(Exercise details): Would you set down the data that follows, word for word, without any pictures?

(Data block):
- Opening Delimiter -

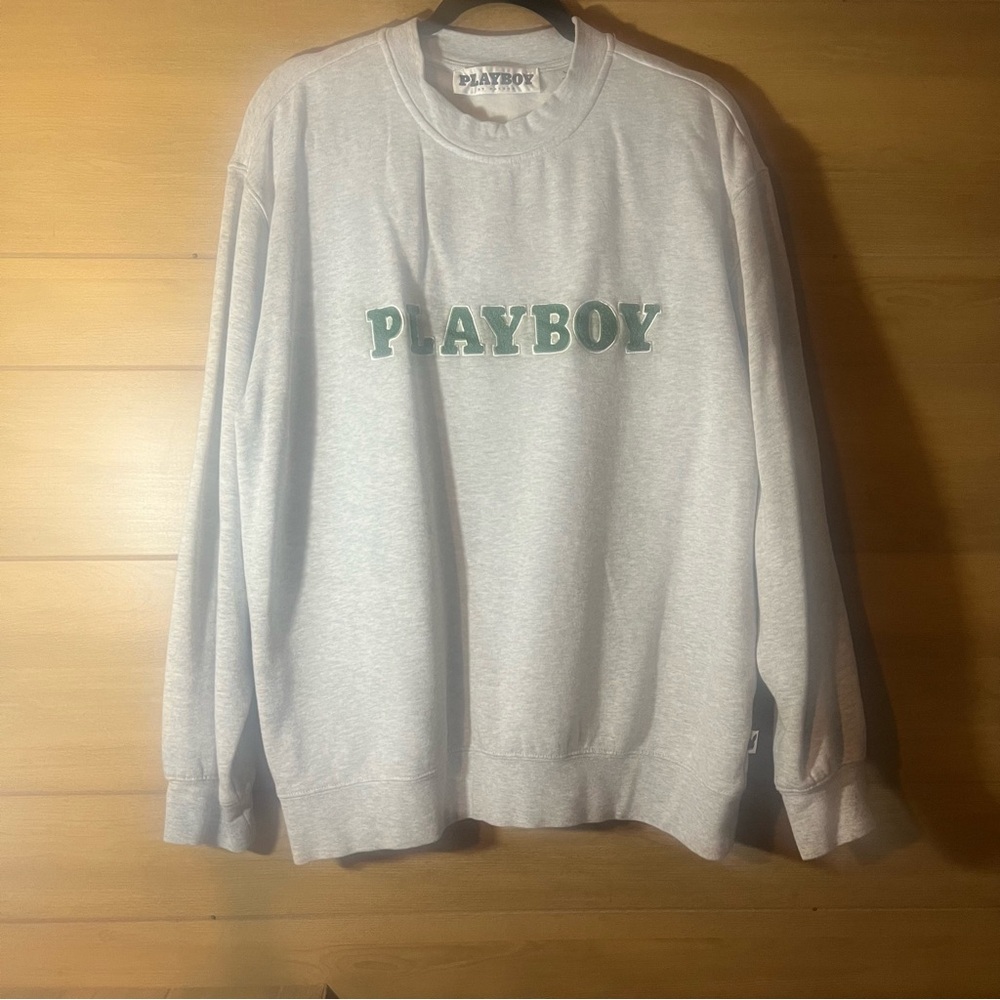 PLAYBOY MEN’S LARGE Light Gray Crewneck Sweater with Green Logo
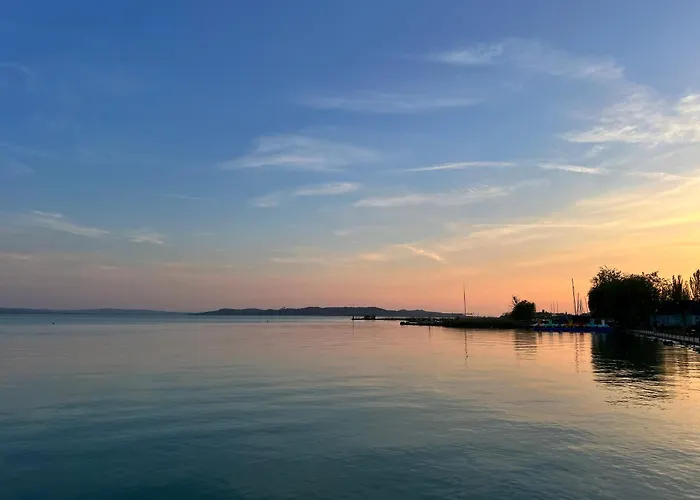 Neon Balaton, Large Botanical Garden, Bicycles, Pet&family Friendly, Outside Kitchen,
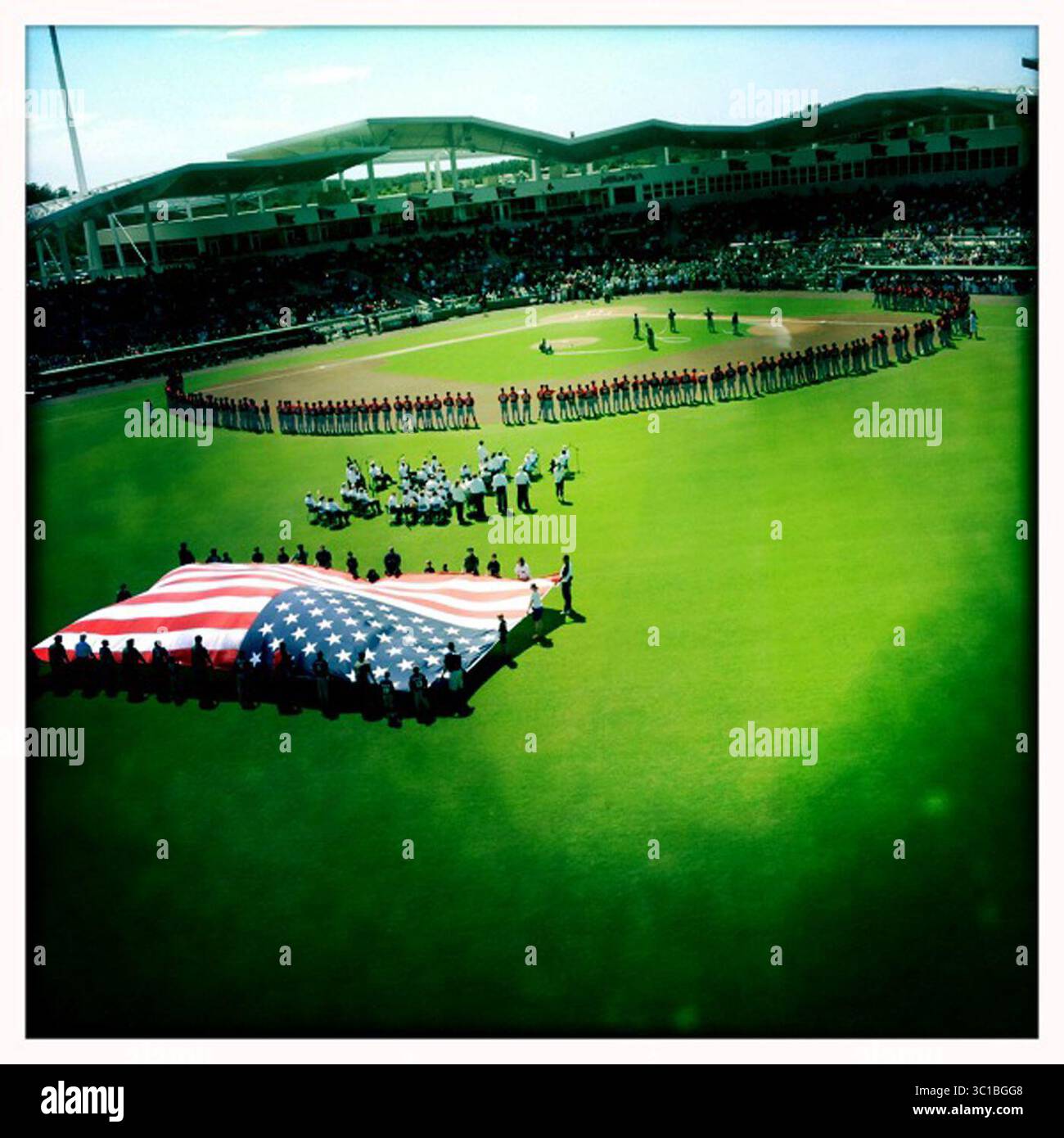 4 marzo 2012 - ft. Myers, Minnesota Twins e Boston Red Sox rappresentarono l'inno nazionale prima della partita al Jet Blue Stadium. (/STAR TRIBUNE) (immagine di credito: Elizabeth Flores/Minneapolis Star Tribune/TNS via cavo ZUMA) Foto Stock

- Closing Delimiter -

(Task result):
 PLAYBOY MEN’S LARGE Light Gray Crewneck Sweater with Green Logo
 Neon Balaton, Large Botanical Garden, Bicycles, Pet&family Friendly, Outside Kitchen,
 4 marzo 2012 - ft. Myers, Minnesota Twins e Boston Red Sox rappresentarono l'inno nazionale prima della partita al Jet Blue Stadium. (/STAR TRIBUNE) (immagine di credito: Elizabeth Flores/Minneapolis Star Tribune/TNS via cavo ZUMA) Foto Stock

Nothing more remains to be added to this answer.